> _WHAT YOU HAVE TO DO_
Reproduce the entries below exactly, but only from the line containing "Detalle rosca 1/4" to the line containing "Tom Tailor Women + Trui in Groen: voorkant", inclusive.

> _Saved entries_
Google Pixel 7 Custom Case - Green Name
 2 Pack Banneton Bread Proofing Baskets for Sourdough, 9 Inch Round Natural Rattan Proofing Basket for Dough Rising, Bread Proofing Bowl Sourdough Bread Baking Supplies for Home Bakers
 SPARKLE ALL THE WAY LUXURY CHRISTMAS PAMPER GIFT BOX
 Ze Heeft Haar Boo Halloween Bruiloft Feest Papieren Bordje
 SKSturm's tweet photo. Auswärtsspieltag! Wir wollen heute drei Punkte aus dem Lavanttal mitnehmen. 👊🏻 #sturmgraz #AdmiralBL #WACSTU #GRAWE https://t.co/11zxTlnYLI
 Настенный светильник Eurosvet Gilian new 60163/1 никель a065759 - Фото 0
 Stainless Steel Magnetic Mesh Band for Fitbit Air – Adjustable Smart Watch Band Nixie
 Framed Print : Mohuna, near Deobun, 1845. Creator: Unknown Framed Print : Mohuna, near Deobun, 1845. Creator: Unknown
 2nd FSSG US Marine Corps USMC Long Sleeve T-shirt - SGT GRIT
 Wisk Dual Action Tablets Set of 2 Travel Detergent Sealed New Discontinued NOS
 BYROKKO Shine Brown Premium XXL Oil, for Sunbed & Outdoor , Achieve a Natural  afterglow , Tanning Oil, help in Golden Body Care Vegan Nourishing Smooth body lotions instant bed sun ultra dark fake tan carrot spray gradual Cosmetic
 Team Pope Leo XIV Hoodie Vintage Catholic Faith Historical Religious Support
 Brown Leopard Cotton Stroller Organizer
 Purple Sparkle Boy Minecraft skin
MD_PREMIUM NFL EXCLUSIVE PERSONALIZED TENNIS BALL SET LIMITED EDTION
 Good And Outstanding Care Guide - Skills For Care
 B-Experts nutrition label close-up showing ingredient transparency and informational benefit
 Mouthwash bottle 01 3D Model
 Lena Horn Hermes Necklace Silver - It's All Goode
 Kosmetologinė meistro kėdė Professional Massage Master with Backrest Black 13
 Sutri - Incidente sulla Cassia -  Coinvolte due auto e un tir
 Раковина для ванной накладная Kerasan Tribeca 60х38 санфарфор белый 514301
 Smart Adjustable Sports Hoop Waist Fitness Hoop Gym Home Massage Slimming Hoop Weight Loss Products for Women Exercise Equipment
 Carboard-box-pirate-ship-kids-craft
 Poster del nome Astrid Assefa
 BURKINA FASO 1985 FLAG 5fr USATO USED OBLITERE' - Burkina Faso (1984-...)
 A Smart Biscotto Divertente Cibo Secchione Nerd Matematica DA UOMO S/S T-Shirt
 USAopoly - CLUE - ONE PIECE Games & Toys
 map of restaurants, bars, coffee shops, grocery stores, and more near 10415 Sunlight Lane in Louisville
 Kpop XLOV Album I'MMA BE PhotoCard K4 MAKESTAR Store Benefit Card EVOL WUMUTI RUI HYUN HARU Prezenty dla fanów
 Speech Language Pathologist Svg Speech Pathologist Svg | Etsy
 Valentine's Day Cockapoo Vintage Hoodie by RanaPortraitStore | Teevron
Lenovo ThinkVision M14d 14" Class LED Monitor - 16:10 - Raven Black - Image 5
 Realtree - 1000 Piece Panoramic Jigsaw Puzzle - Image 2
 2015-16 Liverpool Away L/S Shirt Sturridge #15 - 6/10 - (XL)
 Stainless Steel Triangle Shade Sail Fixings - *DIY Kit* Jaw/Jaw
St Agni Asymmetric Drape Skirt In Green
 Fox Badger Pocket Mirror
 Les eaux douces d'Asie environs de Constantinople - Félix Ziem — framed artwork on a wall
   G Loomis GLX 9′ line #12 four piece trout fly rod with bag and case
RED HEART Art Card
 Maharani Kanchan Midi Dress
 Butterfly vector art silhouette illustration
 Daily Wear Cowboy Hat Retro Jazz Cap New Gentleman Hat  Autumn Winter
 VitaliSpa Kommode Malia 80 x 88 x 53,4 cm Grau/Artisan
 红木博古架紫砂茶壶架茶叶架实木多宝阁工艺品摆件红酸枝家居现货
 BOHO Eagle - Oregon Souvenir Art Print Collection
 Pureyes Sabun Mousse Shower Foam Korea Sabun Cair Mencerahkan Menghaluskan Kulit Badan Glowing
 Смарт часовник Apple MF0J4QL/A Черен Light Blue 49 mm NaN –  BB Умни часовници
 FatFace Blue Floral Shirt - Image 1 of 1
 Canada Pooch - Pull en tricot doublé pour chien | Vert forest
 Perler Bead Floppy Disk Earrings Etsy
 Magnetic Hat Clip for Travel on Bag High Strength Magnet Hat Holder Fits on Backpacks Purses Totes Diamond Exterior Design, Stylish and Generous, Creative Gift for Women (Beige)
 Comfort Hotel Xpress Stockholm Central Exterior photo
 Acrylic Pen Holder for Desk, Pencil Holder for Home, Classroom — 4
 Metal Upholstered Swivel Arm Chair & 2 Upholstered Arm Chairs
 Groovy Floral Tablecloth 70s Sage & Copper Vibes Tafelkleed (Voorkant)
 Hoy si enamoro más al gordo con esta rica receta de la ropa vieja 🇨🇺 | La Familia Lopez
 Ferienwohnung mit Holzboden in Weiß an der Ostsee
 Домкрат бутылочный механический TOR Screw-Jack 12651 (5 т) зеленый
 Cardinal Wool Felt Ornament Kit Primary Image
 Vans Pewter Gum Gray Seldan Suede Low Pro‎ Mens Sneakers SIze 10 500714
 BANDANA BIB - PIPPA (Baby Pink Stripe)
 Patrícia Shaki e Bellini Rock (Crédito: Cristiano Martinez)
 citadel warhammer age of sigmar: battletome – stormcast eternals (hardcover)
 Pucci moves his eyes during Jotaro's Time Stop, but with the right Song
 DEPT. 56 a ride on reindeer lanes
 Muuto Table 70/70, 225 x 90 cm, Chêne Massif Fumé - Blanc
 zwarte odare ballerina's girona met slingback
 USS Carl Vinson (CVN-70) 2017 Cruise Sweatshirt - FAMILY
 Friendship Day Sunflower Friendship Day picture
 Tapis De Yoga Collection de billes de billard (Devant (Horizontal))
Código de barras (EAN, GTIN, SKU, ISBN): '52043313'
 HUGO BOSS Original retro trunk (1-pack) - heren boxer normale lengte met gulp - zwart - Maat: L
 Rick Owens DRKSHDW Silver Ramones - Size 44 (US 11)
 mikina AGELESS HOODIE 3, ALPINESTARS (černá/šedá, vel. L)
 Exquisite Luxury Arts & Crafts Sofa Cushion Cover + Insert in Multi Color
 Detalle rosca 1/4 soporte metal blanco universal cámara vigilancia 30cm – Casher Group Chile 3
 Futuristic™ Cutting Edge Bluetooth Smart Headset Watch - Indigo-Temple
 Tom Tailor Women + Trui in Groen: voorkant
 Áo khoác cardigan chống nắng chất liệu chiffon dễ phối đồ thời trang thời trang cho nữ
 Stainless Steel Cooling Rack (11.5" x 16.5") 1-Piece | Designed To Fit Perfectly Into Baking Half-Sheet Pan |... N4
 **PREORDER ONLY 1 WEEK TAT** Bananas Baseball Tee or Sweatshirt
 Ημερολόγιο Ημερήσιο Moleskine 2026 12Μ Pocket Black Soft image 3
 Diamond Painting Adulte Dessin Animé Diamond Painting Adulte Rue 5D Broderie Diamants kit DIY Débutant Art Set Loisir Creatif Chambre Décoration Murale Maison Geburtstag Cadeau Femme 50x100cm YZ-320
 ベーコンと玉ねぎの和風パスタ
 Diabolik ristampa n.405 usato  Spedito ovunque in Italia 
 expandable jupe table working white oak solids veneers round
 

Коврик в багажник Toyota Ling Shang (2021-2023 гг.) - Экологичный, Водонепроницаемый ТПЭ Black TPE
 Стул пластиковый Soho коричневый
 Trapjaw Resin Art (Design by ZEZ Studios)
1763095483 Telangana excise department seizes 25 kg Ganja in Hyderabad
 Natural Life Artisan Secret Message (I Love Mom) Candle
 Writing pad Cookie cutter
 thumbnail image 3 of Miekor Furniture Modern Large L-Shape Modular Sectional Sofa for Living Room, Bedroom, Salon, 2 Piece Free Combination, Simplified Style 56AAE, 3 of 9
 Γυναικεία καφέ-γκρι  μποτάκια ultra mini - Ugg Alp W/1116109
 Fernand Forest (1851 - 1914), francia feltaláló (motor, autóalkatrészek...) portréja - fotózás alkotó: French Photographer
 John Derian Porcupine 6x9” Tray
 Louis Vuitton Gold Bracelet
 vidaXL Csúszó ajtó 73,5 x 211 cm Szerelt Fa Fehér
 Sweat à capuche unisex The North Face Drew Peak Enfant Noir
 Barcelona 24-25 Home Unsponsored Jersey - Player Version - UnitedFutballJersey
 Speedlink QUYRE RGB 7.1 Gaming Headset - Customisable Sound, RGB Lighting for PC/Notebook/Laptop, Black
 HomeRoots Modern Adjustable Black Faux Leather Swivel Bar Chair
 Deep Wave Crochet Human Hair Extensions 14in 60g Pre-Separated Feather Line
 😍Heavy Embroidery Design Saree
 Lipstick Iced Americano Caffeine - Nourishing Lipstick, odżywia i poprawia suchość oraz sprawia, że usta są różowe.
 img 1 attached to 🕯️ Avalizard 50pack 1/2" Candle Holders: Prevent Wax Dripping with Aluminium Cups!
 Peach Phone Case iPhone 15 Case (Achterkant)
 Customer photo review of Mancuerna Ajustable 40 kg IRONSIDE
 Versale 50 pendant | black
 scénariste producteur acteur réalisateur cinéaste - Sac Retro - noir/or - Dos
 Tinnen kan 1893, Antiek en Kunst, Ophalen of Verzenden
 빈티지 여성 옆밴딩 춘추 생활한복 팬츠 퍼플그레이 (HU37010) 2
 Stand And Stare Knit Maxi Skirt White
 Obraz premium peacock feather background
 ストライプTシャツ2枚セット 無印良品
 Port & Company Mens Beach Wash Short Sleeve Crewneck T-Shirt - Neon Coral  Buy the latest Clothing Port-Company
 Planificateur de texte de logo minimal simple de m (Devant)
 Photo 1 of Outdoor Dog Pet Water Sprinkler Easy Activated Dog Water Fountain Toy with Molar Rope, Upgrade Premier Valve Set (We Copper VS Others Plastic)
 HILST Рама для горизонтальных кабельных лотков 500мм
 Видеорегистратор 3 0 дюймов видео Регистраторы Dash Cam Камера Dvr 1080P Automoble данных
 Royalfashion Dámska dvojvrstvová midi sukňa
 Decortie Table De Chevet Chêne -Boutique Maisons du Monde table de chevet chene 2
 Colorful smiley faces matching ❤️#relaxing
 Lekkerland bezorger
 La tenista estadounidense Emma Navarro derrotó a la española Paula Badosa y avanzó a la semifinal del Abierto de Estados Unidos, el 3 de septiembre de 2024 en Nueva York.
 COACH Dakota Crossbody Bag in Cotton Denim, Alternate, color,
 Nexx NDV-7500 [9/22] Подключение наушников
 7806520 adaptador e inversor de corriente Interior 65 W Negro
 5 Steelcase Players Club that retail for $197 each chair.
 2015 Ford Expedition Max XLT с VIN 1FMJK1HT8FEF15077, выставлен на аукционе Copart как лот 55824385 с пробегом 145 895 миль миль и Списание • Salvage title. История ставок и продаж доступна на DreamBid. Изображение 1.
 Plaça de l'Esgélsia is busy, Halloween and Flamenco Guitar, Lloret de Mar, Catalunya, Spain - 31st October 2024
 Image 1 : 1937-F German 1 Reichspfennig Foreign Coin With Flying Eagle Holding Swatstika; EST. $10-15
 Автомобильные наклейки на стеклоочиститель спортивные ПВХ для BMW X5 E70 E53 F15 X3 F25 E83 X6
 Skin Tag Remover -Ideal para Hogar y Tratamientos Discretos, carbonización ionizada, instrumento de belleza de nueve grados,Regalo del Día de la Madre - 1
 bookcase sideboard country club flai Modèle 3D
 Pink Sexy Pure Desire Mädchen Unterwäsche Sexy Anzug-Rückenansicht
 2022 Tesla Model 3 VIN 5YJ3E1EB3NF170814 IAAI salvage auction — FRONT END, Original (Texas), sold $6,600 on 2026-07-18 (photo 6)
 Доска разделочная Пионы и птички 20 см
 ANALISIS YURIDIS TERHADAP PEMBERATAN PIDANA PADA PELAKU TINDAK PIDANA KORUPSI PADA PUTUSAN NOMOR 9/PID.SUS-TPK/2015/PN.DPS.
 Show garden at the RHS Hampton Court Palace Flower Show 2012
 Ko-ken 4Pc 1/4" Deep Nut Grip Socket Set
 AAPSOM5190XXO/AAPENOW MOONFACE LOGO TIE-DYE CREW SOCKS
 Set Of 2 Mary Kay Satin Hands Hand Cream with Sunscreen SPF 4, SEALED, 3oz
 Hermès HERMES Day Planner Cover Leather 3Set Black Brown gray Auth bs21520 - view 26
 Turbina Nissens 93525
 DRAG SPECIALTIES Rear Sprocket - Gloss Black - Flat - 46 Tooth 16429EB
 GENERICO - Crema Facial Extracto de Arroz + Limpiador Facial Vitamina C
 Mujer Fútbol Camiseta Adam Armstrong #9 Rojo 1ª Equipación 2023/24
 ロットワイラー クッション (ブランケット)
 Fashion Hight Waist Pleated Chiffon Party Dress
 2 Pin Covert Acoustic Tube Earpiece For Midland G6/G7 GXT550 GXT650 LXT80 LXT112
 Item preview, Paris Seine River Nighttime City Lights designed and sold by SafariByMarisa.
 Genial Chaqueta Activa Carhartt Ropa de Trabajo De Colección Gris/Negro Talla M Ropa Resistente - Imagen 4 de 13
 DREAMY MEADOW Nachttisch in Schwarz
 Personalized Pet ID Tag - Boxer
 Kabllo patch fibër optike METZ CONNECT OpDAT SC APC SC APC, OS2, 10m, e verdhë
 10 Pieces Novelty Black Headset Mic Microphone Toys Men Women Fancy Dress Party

> _ANSWER TO THE EXERCISE_
 Detalle rosca 1/4 soporte metal blanco universal cámara vigilancia 30cm – Casher Group Chile 3
 Futuristic™ Cutting Edge Bluetooth Smart Headset Watch - Indigo-Temple
 Tom Tailor Women + Trui in Groen: voorkant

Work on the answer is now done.